Look for the string "Grand" in the listing. Copy each line that has it.
+-------+
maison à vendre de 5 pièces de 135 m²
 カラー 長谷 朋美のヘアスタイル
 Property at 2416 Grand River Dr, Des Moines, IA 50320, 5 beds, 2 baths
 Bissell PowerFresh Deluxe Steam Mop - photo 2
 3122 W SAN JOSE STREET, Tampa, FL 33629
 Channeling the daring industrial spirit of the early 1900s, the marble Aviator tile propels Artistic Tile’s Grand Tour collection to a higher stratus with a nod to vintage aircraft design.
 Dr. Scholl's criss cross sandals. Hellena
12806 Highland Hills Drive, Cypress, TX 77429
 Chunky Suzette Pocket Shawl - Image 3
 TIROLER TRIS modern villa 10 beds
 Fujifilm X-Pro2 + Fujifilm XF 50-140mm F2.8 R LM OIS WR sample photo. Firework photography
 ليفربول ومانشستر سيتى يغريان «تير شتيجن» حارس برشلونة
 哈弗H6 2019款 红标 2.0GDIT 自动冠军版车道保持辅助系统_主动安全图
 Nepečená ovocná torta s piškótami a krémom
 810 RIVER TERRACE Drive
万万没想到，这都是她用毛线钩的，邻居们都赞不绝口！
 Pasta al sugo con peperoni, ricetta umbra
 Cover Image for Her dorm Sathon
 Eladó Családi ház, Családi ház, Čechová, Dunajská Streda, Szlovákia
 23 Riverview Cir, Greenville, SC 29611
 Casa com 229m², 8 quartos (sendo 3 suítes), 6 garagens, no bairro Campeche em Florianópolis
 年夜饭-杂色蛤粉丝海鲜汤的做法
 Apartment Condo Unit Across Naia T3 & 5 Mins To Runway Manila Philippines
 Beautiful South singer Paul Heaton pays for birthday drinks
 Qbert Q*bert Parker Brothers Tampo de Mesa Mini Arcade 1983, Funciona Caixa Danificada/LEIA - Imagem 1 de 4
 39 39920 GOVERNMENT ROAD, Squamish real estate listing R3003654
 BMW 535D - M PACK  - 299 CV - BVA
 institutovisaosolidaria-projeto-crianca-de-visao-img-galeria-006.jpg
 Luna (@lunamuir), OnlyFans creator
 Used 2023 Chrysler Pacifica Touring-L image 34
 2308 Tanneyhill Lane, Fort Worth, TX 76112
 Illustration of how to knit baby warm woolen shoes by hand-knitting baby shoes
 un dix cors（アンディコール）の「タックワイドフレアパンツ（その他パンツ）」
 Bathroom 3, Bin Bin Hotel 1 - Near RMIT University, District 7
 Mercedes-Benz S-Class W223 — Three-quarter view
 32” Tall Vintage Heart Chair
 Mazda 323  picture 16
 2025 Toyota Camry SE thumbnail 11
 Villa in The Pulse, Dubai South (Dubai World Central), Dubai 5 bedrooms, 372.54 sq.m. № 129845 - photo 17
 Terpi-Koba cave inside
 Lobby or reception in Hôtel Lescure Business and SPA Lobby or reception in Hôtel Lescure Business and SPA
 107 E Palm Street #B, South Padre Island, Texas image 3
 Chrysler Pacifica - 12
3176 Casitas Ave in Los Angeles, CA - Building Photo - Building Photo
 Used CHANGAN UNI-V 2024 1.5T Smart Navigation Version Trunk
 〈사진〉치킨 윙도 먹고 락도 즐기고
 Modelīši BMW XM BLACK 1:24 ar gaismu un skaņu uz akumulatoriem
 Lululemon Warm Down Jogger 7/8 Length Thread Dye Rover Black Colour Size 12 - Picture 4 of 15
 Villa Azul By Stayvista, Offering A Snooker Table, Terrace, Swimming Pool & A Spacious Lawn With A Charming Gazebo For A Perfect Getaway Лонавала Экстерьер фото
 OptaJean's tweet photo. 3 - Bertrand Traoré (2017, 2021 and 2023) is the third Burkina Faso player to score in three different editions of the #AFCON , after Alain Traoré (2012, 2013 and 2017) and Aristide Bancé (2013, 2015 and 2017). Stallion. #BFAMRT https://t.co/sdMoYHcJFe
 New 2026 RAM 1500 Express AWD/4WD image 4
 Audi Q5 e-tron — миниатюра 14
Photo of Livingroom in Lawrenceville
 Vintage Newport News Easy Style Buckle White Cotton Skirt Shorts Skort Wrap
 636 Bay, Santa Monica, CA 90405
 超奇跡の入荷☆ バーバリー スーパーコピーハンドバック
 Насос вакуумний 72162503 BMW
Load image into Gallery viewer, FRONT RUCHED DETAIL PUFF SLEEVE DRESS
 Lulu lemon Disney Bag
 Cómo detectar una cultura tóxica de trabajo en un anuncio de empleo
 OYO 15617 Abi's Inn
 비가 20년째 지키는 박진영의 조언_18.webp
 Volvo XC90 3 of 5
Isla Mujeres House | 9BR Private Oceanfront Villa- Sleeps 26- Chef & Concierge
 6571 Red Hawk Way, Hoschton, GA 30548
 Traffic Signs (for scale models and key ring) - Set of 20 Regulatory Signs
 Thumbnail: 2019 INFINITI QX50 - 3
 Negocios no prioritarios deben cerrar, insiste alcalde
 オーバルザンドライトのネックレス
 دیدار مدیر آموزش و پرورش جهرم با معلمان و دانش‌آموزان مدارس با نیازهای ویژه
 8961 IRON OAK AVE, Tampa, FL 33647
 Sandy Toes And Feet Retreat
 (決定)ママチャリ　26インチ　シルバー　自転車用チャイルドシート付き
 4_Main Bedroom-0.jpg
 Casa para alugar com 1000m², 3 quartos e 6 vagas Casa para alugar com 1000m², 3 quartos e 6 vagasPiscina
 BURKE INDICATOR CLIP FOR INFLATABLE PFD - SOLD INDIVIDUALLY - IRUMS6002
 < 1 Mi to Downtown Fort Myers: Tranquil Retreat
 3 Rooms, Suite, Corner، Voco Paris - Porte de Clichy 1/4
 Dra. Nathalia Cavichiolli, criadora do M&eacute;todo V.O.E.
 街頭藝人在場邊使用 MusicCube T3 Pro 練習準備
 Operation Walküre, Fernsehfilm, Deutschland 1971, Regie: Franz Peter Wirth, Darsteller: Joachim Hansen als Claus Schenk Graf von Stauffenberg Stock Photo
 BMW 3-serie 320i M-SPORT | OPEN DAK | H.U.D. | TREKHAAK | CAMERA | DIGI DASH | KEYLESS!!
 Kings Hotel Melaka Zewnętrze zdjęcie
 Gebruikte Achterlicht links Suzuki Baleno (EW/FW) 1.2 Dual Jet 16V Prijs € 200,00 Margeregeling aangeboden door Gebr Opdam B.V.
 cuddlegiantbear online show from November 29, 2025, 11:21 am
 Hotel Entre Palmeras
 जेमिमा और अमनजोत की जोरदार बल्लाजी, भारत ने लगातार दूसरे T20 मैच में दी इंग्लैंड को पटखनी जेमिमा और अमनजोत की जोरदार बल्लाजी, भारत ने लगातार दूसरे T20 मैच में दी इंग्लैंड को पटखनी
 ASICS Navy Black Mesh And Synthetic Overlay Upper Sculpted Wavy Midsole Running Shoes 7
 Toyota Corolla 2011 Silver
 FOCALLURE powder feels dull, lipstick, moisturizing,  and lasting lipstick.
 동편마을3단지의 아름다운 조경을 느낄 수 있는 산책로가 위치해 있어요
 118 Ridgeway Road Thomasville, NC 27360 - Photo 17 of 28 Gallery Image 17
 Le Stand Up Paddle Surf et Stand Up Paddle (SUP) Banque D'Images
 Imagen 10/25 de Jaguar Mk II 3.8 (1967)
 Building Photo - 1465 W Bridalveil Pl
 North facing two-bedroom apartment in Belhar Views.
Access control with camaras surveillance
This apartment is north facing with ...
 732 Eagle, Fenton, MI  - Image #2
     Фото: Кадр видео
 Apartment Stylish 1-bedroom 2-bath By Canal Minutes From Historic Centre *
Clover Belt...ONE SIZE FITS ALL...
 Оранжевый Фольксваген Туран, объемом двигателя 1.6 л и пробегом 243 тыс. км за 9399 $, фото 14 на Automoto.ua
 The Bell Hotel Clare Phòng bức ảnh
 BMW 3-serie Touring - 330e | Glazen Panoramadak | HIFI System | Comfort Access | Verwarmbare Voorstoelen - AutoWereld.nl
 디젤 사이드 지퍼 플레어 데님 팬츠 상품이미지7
+-------+
**RESPONSE BELOW:**
 Property at 2416 Grand River Dr, Des Moines, IA 50320, 5 beds, 2 baths
 Channeling the daring industrial spirit of the early 1900s, the marble Aviator tile propels Artistic Tile’s Grand Tour collection to a higher stratus with a nod to vintage aircraft design.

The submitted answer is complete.